Remember back when triple AAA games were released and didn’t need to be patched immediately so you can play because the game devs actually decided to make a proper functioning game instead of going for greed?
I lived it and fucking NOPE so many broken games. Check out AVGN or any Games Done Quick glitch speed run for many examples.
Games had less moving parts back then so they seemed like they worked, until you find out that there were entire spells that didn’t work in Final Fantasy or how you can jump just right and enter a game breaking bug thay required a reset (SMB1 minus world). Or how uninstalling the game would uninstall Windows (Kohan? And Pools Of Radiance 2)
Plus now they can make patches in between the time they start pressing discs (gone gold) and release, hense the “day 1 patch”. Personally I’m glad games can be fixed post release although I would prefer it to be more complete/fix at launch than usual.
Yeah, a mix of both would be ideal. The fact that we’re surprised that Starfield and Baldur’s Gate 3 were solid on release is a problem, all AAA releases should have that level of quality at a minimum on release.
If games are consistently solid at release, I’d probably preorder like I used to. Now I wait and see because, more often than not, it’s a buggy mess the first few weeks.
This seems to be an Intel issue rather than a Bethesda one
It’s a Bethesda game, when did they ever do that?
I remember those days as having no Internet let alone high speed, I recall reading old ads for some PC games. So they don’t seem as great as you’re implying because at least the game will most likely be fixed with an accessible patch these days.
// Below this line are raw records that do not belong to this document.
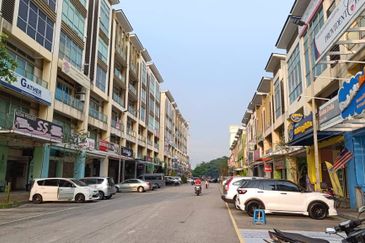 Petaling Jaya Commercial City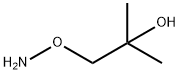1-(aminooxy)-2-methylpropan-2-ol Structure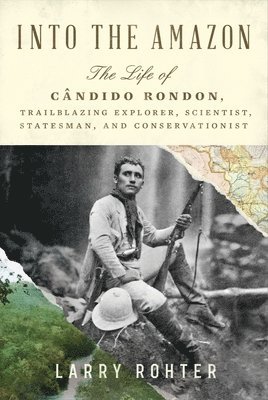 bokomslag Into the Amazon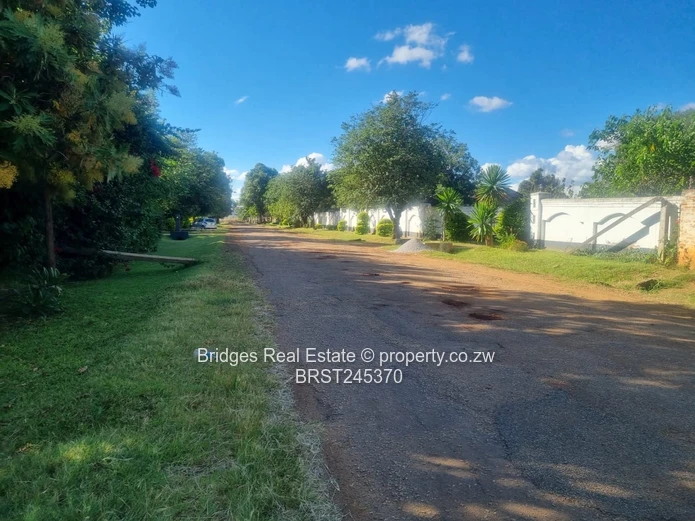 Subdivision Stand for Sale in Northwood Mt Pleasant 
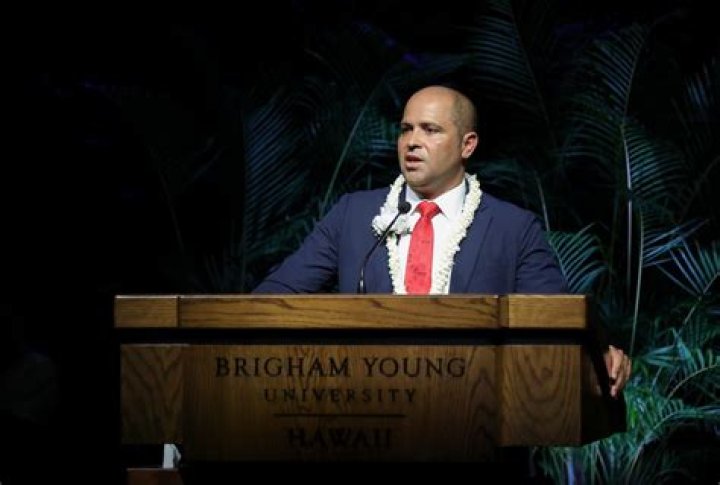 BYU–Hawaii devotional: Children of the covenant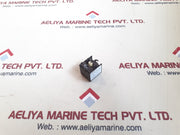 Set of 6x siemens 3rh1911-1aa10 contact block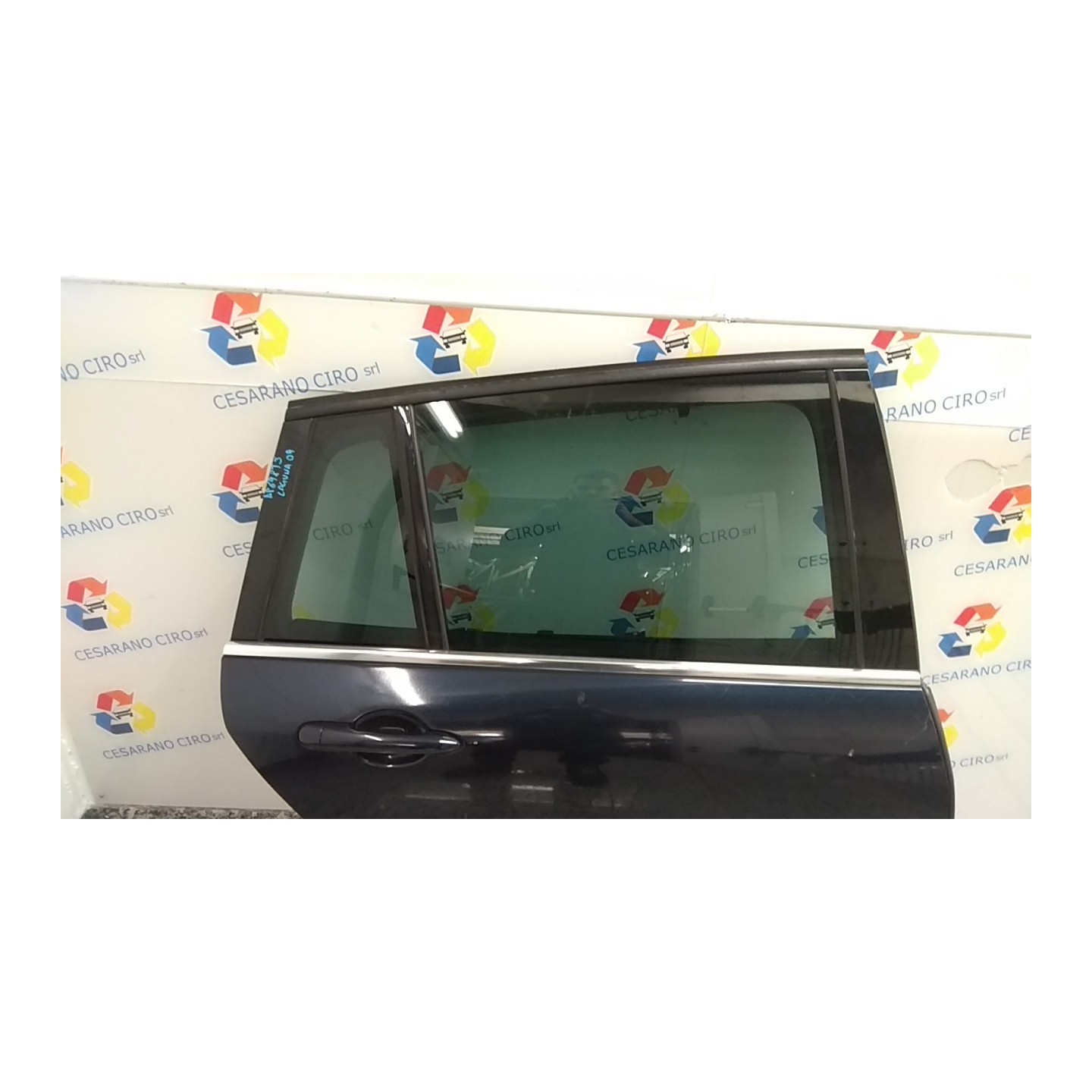 PORTA POST. DX. 088 RENAULT LAGUNA 3A SERIE (09/07-) M9RJ8 821000023R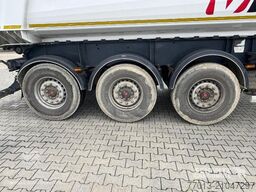 Wielton Tipper Alu-square sided body 28m³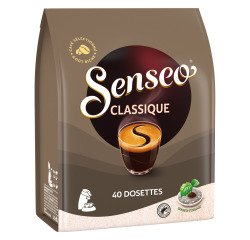 Coffee pads Senseo Classic - pack of 40 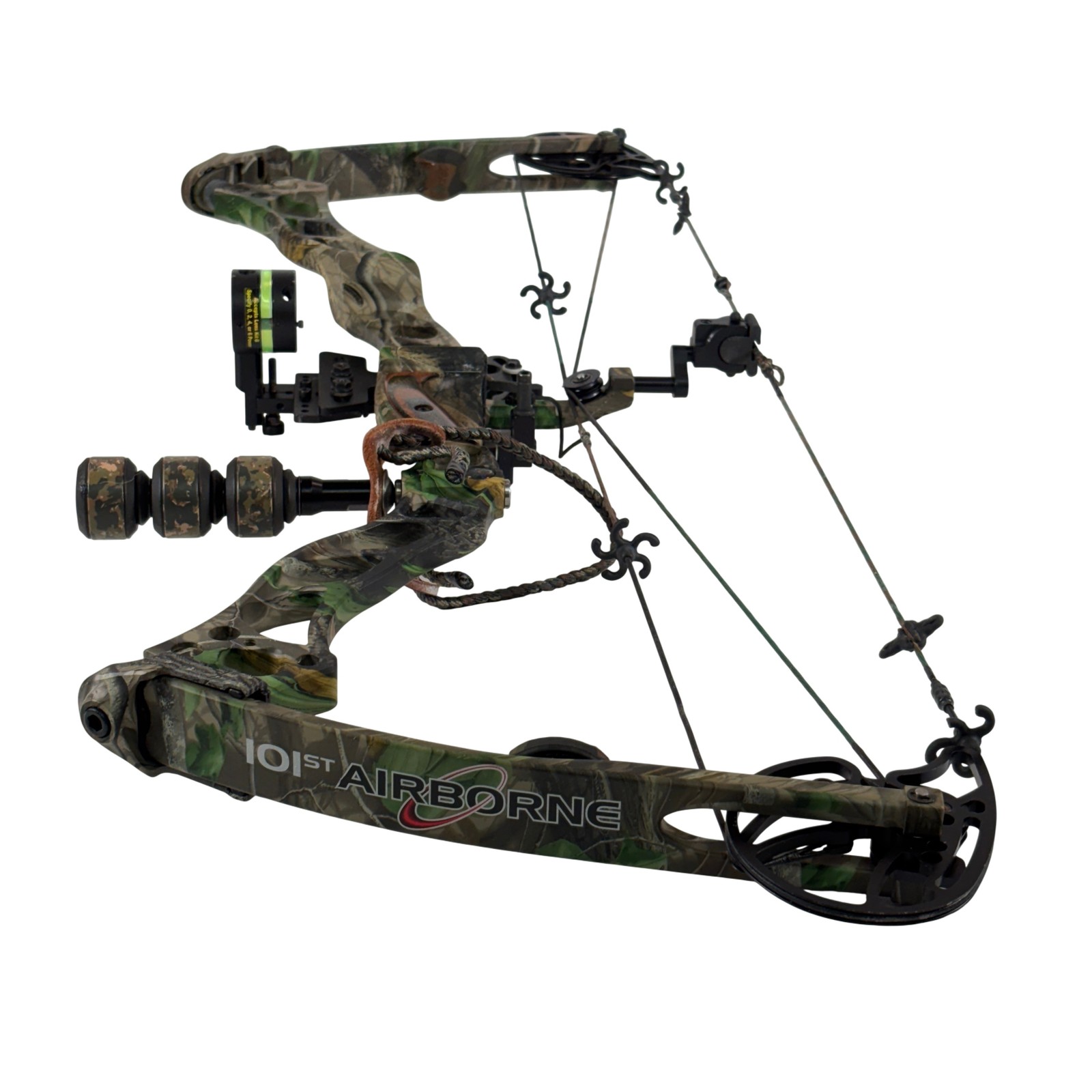 Bowtech 101st Airborne RH 29" 70 lbs. Draw Hunting Compound Bow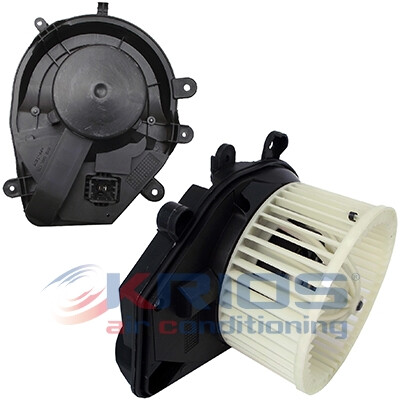 Pulseur d'air habitacle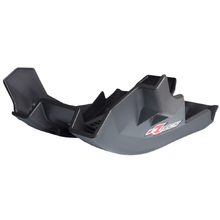 Racetech Yamaha YZ125 06-25 Black Enduro Plastic Engine Guard
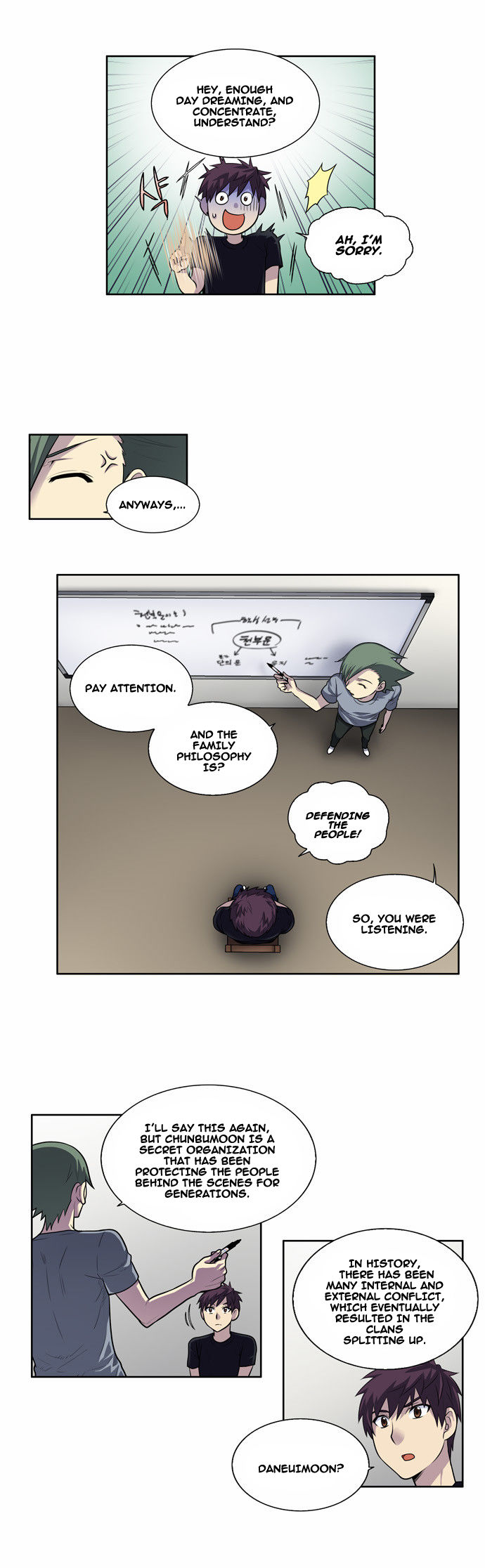 Read The Gamer Manga Online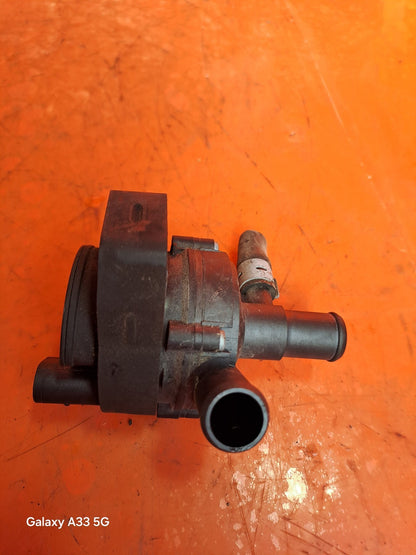 ✅2013 MERCEDES E CLASS W212 AUXILIARY WATER PUMP A0005000686 + WARRANTY A271 - Image 5
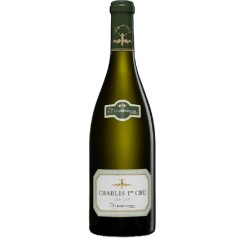 La Chablisienne Chablis 1er Cru Les Lys 2020 - White Wine 75cl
You’d have to do a lot more work to get one before or completely wasted your money in rare cases.
Also usually publishers set the release date, though in this case I’m not sure if it was in house or not so may not be a point, though you called out developers so figured I’d add it in.
Yeah, scrounging gaming websites to find the right patch files could be a real pain in the ass, especially before Google.